By: the National Domestic Violence Hotline

by Theresa M. Zubretsky and Karla M. Digirolamo

INTRODUCTION

Since the 1970's, significant efforts have been made to increase the public's understanding of domestic violence and to educate professionals and service providers about this problem. Through accounts from battered and formerly battered women, domestic violence is now understood to include a range of behaviors - physical, sexual, economic, emotional and psychological abuse - directed toward establishing and maintaining power and control over an intimate partner. There is also an increased awareness that the societal tendency to blame domestic violence victims and excuse perpetrators is rooted in a history of cultural and legal traditions that have supported the domination and abuse of women by men in intimate relationships. Despite greater public awareness, however, myths and misconceptions about battered women's experiences persist. Interventions based on these myths can have a devastating effect on victims and their families.

Despite the significant correlation between domestic violence and chemical dependency, hardly any research has been conducted and little has been written about the need to develop intervention strategies that address both the domestic violence and the substance abuse problems of chemically dependent men who batter. Similarly, little has been done to assist battered women with chemical dependency problems to meet their need for both safety and sobriety. Neither system currently is equipped to provide the range of services needed by battered women and batterers who are affected by chemical dependency.

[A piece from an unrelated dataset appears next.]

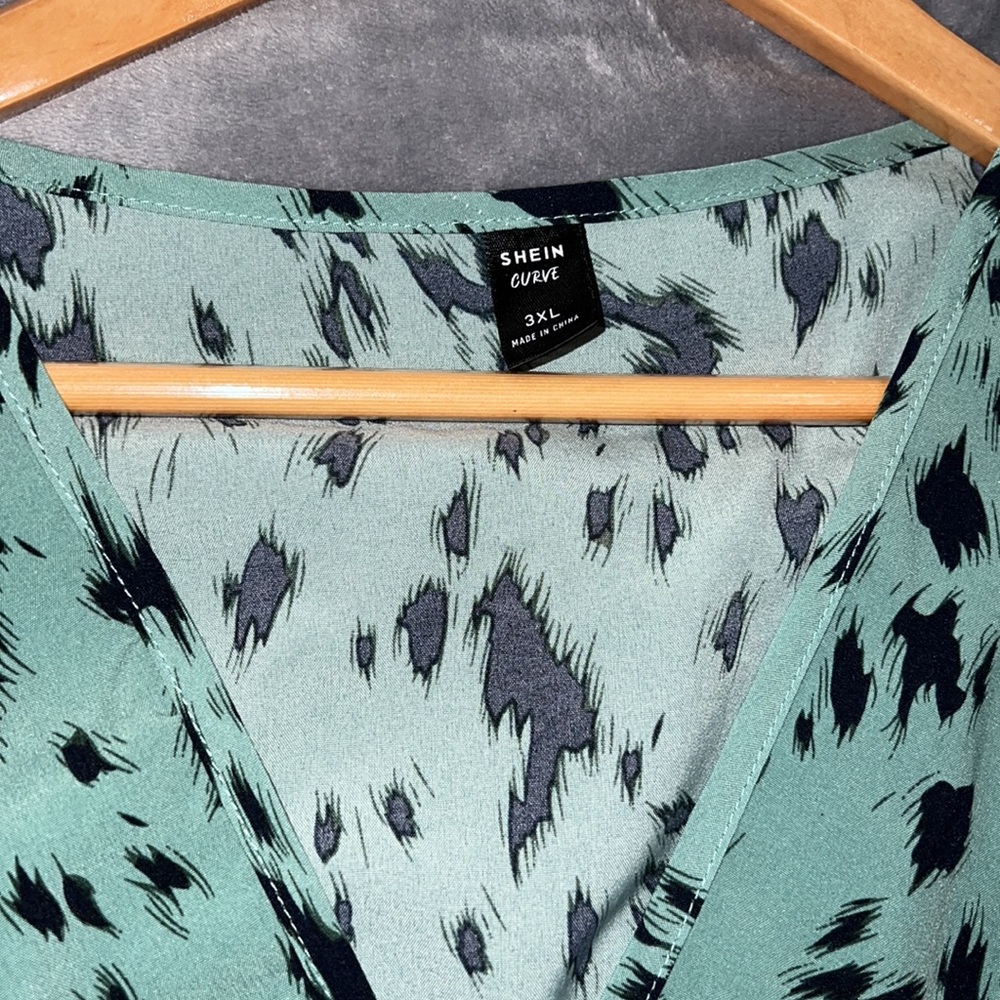 Plus Size Teal Printed V-Neck Swing Dress - Picture 9 of 10
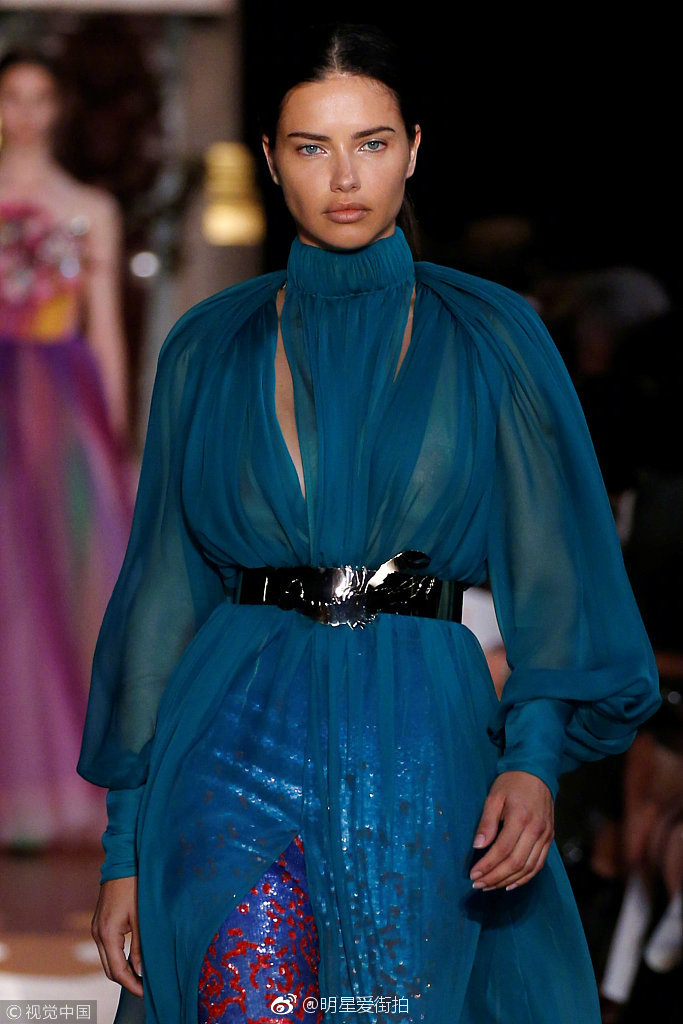 巴西超模Adriana Lima 身穿巴西10号内马尔球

In the addictions treatment system, misinformation often leads counselors to understand and respond to domestic violence through the use of an addictions framework, an approach that has particularly harmful consequences for battered women. Such an approach identifies battering either as a symptom of alcohol abuse or addiction or as an addiction itself. The interventions that follow are based on a number of harmful, false assumptions: Alcohol use and/or alcoholism causes men to batter.

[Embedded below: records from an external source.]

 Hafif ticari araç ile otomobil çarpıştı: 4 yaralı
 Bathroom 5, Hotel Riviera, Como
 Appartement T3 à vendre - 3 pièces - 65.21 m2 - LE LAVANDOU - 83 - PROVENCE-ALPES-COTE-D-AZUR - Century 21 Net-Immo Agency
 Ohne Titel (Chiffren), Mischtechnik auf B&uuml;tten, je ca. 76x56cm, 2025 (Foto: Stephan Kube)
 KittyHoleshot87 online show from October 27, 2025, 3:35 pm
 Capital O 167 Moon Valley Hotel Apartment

  • Alcoholism treatment alone will address the abuse adequately.
  • Battered women are "co-dependent" and thus contribute to the continuation of abuse.
  • Addicted battered women must get sober before they can begin to address their victimization.
BATTERERS: RELATIONSHIP OF ALCOHOL USE TO VIOLENCE

The belief that alcoholism causes domestic violence is a notion widely held both in and outside of the substance abuse field, despite a lack of information to support it. Although research indicates that among men who drink heavily, there is a higher rate of perpetrating assaults resulting in serious physical injury than exists among other men, the majority of men are not high-level drinkers and the majority of men classified as high-level drinkers do not abuse their partners (Straus & Gelles, 1990).

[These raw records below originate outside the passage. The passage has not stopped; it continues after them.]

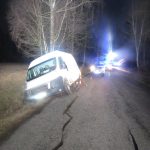 Řidič skončil v příkopu, nadýchal přes dvě promile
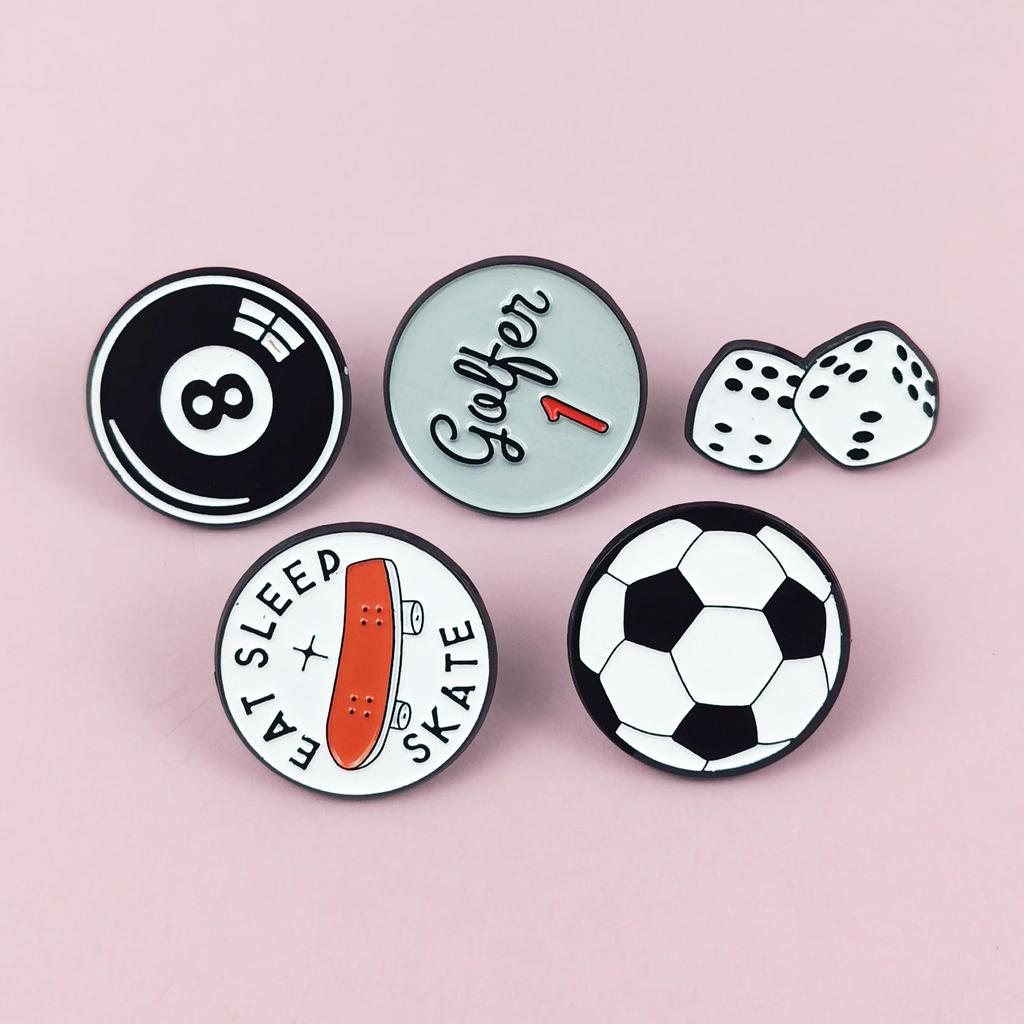 Number Pattern Dice Brooch - Personality Accessory for Backpack or Clothing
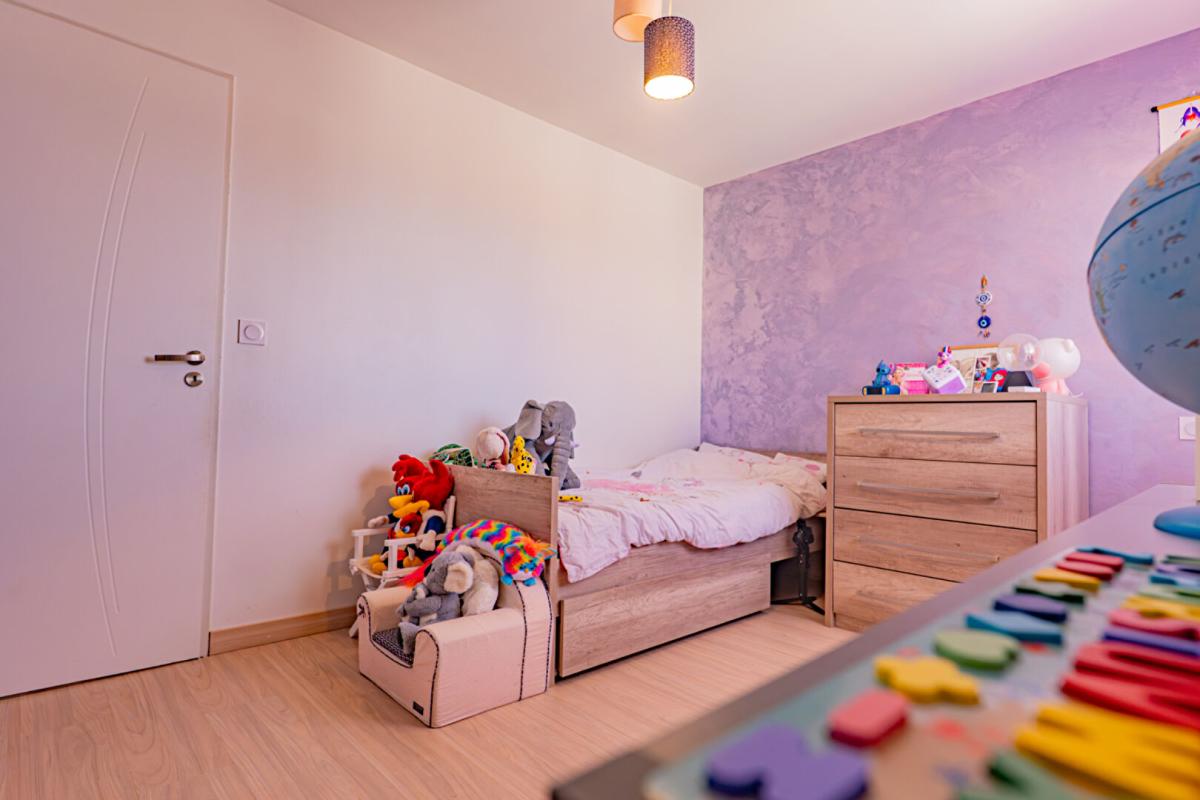 PONTEILLA Villa familiale moderne, 4 chambres, jardin, garage et piscine 14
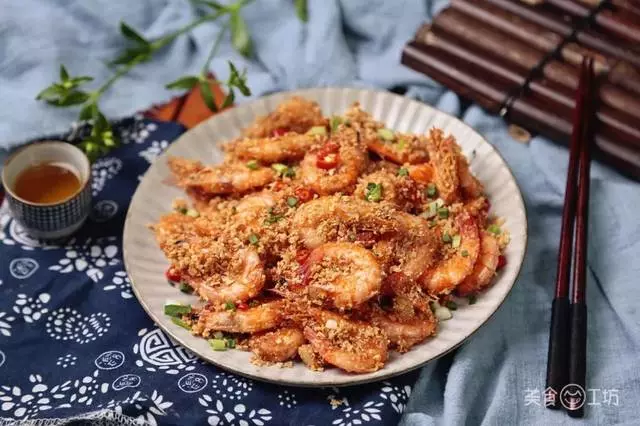 酥到掉渣的大蝦做法,好吃到連殼都不剩!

Even for batterers who do drink, there is little evidence to suggest a clear pattern that relates the drinking to the abusive behavior. The majority (76 percent) of physically abusive incidents occur in the absence of alcohol use (Kantor & Straus, 1987), and there is no evidence to suggest that alcohol use or dependence is linked to the other forms of coercive behaviors that are part of the pattern of domestic violence. Economic control, sexual violence, and intimidation, for example, are often part of a batterer’s ongoing pattern of abuse, with little or no identifiable connection to his use of or dependence on alcohol.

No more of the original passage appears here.